Only a local government could have given this idea wings, he added. "Nobody else spends their days in the mundane world of land-secured financing districts."
New England offers another example of a regional program shaping national policy.
In 2009 ten states agreed to cap their emissions and created the nation's first greenhouse-gas-emissions trading program. It auctioned allowances, created a carbon market and to date has sent $582 million into the coffers of participating states.
But before this started, the only example of a carbon cap-and-trade program was Europe's, which had seen wild price swings and windfall profits for utilities. The stability of the Regional Greenhouse Gas Initiative, as New England's cap-and-trade program is known, silenced those critics and placed it in the foreground of the national discussion on how to run these policies," said Tom Tietenberg, emeritus professor of economics at Colby College in Maine.
"It's been one of the primary reasons auctions are now prominently part of the (climate) bill." Politicians, he added, have no problem spotting RGGI's revenue. "It reduces the negative impact of a carbon bill."
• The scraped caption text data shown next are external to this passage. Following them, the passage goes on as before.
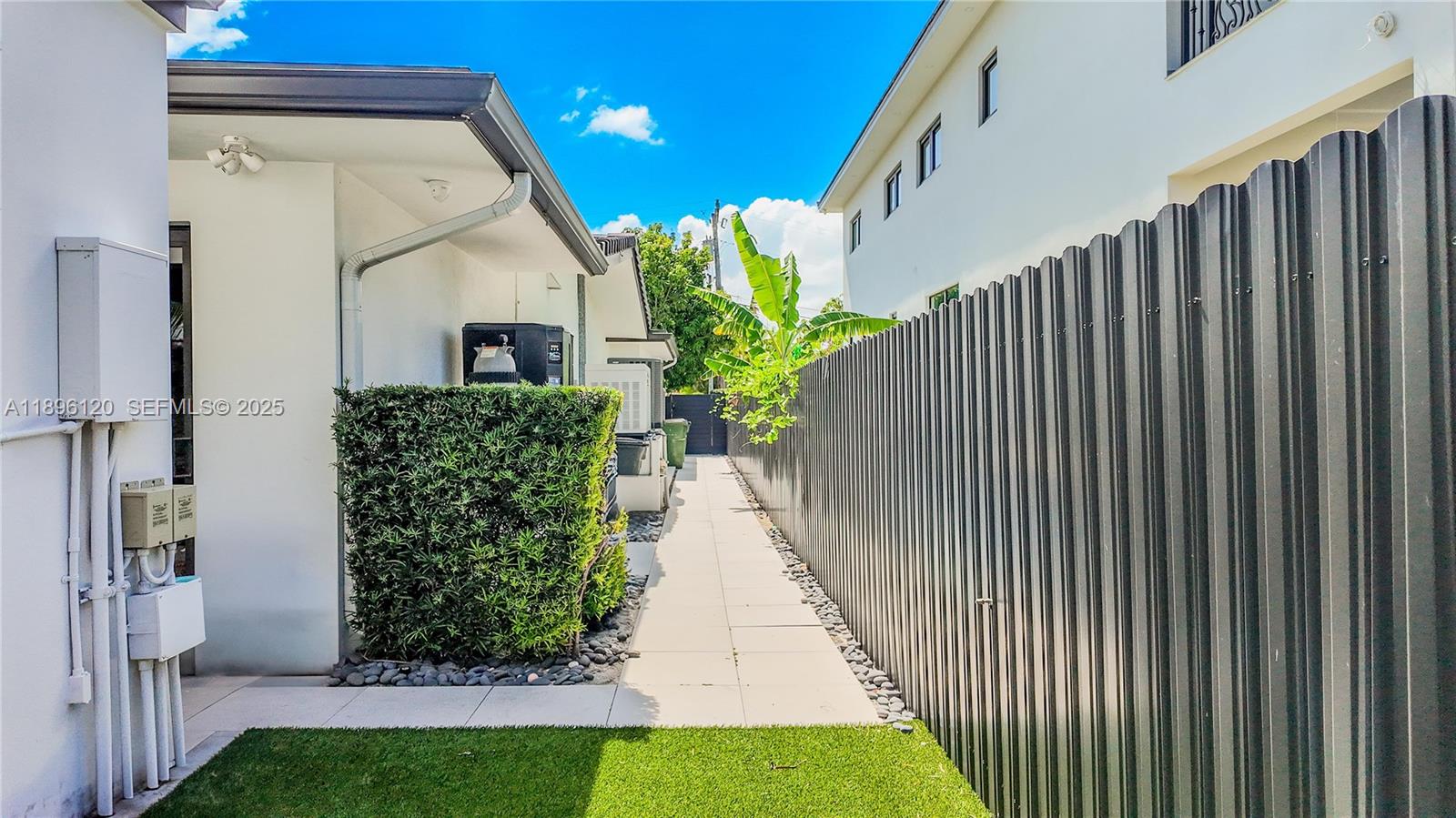12855 Maple Road North Miami, FL 33181 - Photo 48 of 51 a view of a back yard of the house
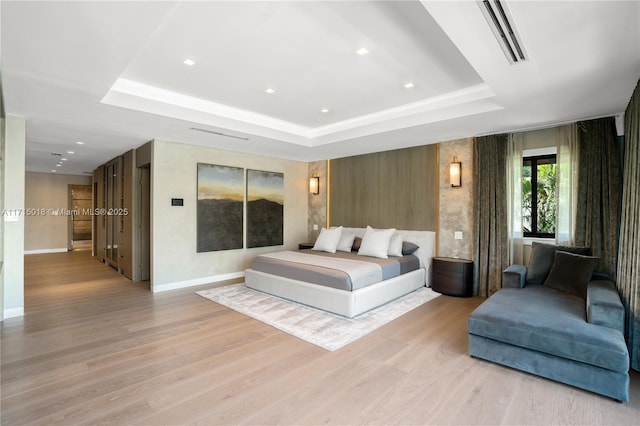 bedroom with light wood-type flooring and a raised ceiling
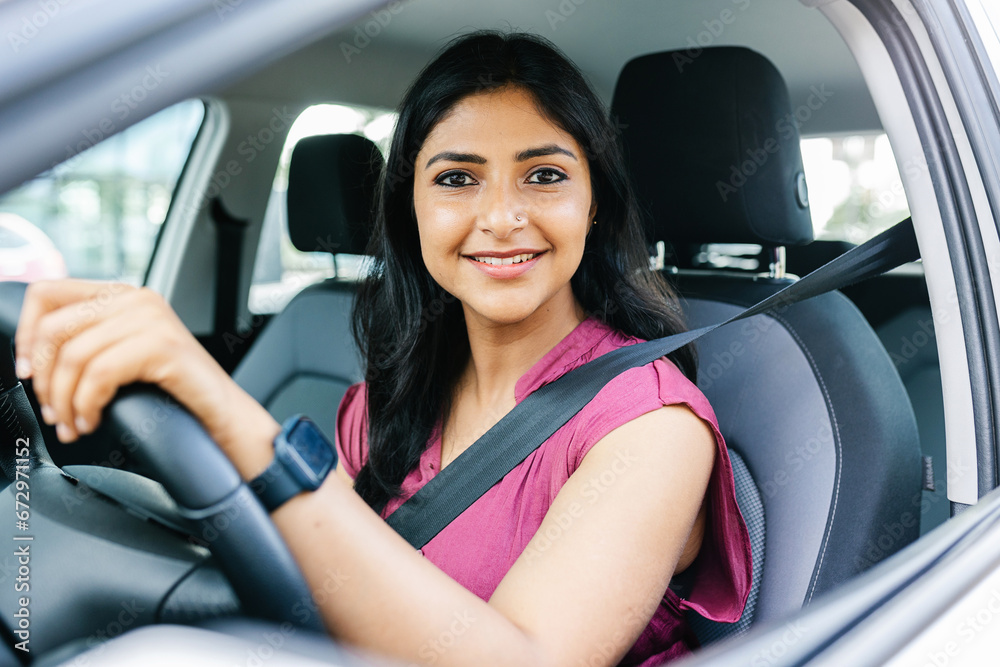 Portrait of young indian woman smiling at camera sitting on driver's seat in car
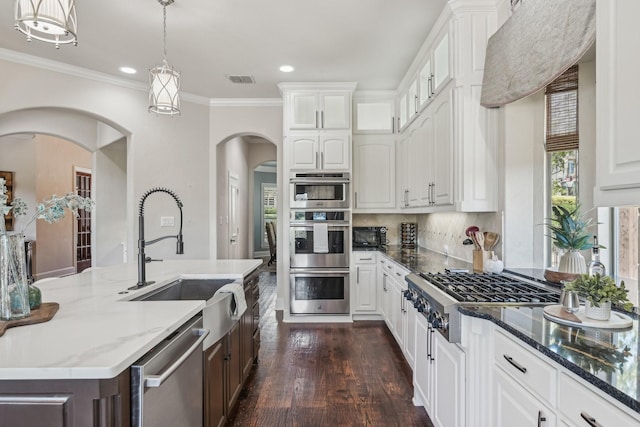 5594 Beacon Hill Dr, Frisco, TX 75036 - kitchen with appliances with stainless steel finishes, a sink, arched walkways, white cabinetry, and dark stone countertops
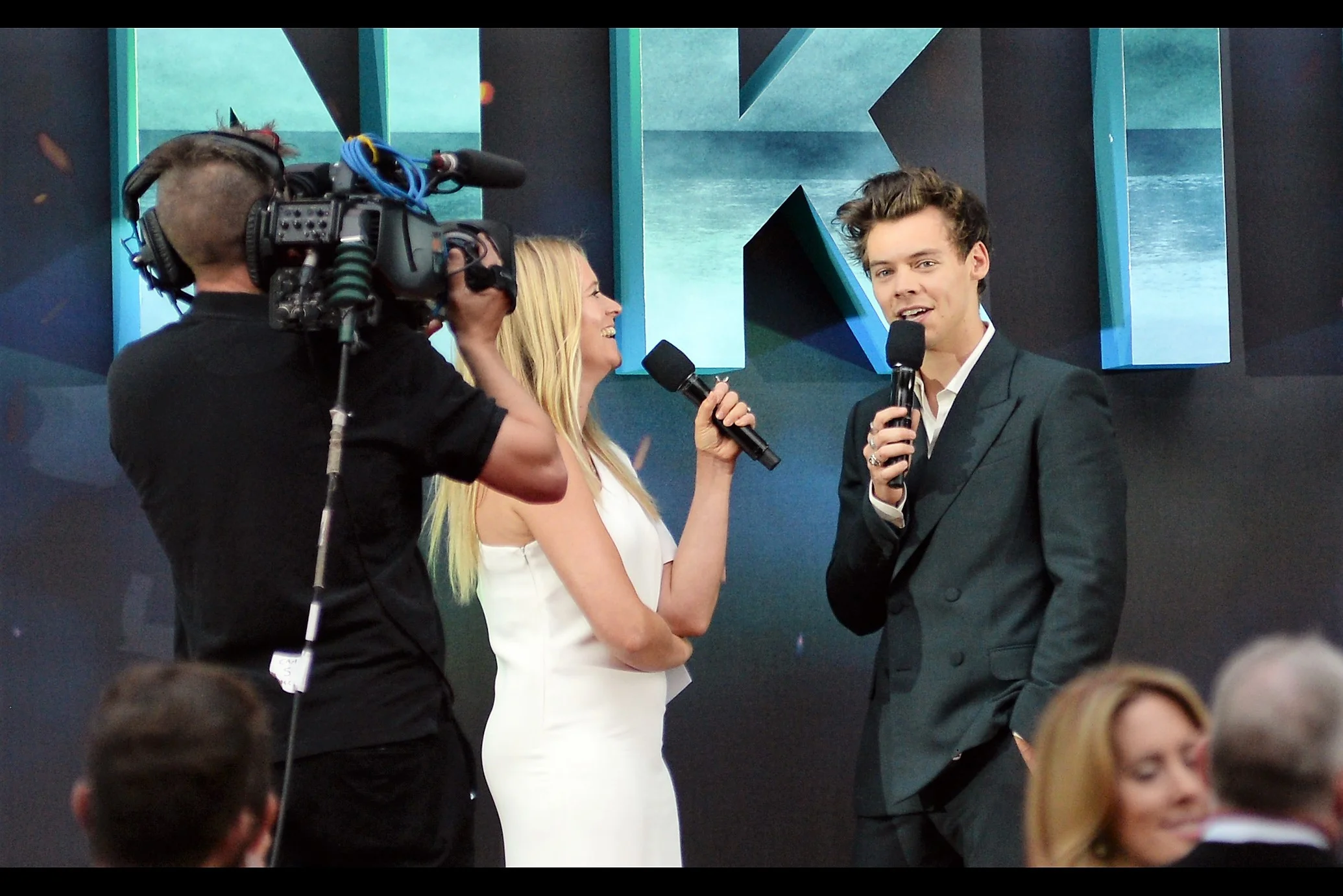 July 13th : Harry Styles wouldn't mind if the screaming stopped for just a few seconds at the "DUNKIRK" World Premiere .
Of course, there are tensions: RGGI has strong regional support in part because it funnels cash back to state coffers. While some states have siphoned that revenue to patch deficits, others – such as Maine – have used it to make significant gains in energy efficiency, far outpacing federal efforts.
But the Senate climate bill as drafted voids regional emissions schemes like RGGI and state efforts like California's. That has raised hackles from local leaders who want to retain control over their own programs and revenue.